> _EXERCISE DESCRIPTION_:
Reproduce exactly the lines of the material beneath, from the line that contains "Дербент завод игристых" to the line that contains "Berlino-Tegel, 05.12.1998, NPD", both included, and no other lines.

---

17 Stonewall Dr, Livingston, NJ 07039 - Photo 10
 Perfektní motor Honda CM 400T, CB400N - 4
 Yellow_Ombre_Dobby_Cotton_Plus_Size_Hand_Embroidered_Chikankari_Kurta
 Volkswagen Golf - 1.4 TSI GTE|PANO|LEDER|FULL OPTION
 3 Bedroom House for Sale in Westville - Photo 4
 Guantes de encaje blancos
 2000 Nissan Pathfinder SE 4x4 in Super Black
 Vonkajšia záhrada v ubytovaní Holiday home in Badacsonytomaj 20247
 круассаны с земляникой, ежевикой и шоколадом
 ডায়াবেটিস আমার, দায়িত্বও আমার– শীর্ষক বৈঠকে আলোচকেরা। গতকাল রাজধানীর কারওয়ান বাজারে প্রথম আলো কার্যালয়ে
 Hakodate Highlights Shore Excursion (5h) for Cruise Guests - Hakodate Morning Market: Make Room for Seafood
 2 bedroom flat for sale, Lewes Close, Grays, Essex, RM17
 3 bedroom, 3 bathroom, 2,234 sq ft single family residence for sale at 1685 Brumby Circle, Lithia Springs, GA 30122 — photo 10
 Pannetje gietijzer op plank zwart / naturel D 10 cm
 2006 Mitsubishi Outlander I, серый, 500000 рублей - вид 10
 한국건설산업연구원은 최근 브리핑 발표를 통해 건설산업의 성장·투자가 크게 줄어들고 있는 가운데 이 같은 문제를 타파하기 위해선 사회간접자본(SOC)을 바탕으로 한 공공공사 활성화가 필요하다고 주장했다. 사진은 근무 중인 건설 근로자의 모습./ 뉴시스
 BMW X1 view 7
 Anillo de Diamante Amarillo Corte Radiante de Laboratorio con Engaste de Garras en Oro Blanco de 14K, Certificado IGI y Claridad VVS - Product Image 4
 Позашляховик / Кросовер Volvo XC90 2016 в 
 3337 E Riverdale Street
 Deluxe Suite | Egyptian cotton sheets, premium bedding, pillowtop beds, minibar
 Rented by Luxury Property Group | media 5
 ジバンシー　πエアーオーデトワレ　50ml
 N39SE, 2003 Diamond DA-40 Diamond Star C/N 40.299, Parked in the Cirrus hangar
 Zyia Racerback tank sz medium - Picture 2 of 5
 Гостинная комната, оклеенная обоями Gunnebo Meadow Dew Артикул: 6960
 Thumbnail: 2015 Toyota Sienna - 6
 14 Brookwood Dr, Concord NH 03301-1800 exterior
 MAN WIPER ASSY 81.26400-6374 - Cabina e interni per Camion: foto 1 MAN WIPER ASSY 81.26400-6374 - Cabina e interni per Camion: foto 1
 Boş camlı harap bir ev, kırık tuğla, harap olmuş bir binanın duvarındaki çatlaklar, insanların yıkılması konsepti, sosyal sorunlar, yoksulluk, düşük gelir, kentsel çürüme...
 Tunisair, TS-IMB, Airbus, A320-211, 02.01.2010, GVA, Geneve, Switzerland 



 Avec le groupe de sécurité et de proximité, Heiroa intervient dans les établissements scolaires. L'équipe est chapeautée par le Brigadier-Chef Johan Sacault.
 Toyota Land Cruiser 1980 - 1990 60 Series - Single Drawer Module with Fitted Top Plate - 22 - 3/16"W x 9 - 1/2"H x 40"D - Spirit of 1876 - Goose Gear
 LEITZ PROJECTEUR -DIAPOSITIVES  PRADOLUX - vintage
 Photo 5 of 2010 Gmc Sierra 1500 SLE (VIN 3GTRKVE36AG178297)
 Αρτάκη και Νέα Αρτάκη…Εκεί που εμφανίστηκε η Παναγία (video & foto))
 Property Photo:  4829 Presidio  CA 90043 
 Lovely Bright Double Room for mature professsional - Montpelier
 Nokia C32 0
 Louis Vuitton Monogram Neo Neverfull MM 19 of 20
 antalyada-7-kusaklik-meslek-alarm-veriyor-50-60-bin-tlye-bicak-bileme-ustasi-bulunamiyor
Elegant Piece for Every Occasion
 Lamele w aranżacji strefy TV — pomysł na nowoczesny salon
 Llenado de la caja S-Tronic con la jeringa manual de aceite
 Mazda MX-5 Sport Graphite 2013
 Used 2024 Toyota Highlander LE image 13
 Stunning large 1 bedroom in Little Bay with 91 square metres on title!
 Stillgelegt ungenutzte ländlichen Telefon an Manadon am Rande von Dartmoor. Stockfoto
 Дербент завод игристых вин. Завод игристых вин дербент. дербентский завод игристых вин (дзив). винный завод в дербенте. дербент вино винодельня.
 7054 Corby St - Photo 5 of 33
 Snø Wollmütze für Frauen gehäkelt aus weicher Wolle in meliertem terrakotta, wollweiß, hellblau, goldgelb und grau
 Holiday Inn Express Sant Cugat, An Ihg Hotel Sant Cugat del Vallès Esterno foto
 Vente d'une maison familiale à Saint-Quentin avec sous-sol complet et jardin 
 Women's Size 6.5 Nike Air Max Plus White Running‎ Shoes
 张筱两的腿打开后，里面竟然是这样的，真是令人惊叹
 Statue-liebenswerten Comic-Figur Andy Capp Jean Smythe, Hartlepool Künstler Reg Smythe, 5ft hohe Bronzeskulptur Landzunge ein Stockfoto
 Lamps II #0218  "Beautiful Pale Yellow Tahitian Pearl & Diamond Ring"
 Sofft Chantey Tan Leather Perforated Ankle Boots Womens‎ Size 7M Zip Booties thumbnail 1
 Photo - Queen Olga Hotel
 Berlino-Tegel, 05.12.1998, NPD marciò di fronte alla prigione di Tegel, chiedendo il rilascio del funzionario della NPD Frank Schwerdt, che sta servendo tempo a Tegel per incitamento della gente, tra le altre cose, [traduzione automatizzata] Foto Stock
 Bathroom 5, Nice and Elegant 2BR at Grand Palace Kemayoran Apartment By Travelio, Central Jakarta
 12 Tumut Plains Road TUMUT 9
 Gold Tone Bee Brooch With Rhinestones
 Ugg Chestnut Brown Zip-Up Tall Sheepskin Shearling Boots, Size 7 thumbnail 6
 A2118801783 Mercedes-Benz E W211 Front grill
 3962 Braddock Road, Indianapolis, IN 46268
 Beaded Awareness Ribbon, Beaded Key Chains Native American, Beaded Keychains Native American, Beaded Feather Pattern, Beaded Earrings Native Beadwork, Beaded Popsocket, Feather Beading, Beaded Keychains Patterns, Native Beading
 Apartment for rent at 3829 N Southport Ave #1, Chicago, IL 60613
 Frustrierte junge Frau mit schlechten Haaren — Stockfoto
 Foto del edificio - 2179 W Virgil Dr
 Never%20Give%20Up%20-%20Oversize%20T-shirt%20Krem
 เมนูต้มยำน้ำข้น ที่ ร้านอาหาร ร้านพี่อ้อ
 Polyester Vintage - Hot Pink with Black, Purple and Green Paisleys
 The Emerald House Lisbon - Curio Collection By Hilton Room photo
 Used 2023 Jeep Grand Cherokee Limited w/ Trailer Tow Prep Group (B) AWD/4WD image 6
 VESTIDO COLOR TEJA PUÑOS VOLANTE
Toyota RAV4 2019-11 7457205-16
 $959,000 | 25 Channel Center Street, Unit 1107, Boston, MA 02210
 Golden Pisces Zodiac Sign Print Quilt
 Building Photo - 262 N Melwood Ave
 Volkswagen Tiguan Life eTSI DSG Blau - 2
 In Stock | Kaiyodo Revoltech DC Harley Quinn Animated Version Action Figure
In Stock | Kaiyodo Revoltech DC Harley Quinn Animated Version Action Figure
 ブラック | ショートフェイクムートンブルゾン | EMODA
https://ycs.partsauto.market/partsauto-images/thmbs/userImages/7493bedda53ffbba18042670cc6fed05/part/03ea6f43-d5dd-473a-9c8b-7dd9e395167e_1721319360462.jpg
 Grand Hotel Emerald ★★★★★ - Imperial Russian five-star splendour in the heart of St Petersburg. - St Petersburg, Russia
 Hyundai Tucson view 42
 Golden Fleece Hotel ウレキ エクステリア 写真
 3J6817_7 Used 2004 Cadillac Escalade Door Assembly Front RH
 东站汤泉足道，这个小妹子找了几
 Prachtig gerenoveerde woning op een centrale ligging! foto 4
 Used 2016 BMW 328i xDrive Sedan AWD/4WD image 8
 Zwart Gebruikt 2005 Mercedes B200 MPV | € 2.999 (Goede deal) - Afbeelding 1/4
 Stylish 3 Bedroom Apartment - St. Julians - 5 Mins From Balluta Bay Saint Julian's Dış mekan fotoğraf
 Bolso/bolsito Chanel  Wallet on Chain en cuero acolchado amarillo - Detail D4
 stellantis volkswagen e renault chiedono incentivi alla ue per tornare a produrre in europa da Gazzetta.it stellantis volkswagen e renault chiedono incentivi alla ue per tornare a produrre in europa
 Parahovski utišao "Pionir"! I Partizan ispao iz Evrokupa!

---

> _COMPLETED TASK_:
 Дербент завод игристых вин. Завод игристых вин дербент. дербентский завод игристых вин (дзив). винный завод в дербенте. дербент вино винодельня.
 7054 Corby St - Photo 5 of 33
 Snø Wollmütze für Frauen gehäkelt aus weicher Wolle in meliertem terrakotta, wollweiß, hellblau, goldgelb und grau
 Holiday Inn Express Sant Cugat, An Ihg Hotel Sant Cugat del Vallès Esterno foto
 Vente d'une maison familiale à Saint-Quentin avec sous-sol complet et jardin 
 Women's Size 6.5 Nike Air Max Plus White Running‎ Shoes
 张筱两的腿打开后，里面竟然是这样的，真是令人惊叹
 Statue-liebenswerten Comic-Figur Andy Capp Jean Smythe, Hartlepool Künstler Reg Smythe, 5ft hohe Bronzeskulptur Landzunge ein Stockfoto
 Lamps II #0218  "Beautiful Pale Yellow Tahitian Pearl & Diamond Ring"
 Sofft Chantey Tan Leather Perforated Ankle Boots Womens‎ Size 7M Zip Booties thumbnail 1
 Photo - Queen Olga Hotel
 Berlino-Tegel, 05.12.1998, NPD marciò di fronte alla prigione di Tegel, chiedendo il rilascio del funzionario della NPD Frank Schwerdt, che sta servendo tempo a Tegel per incitamento della gente, tra le altre cose, [traduzione automatizzata] Foto Stock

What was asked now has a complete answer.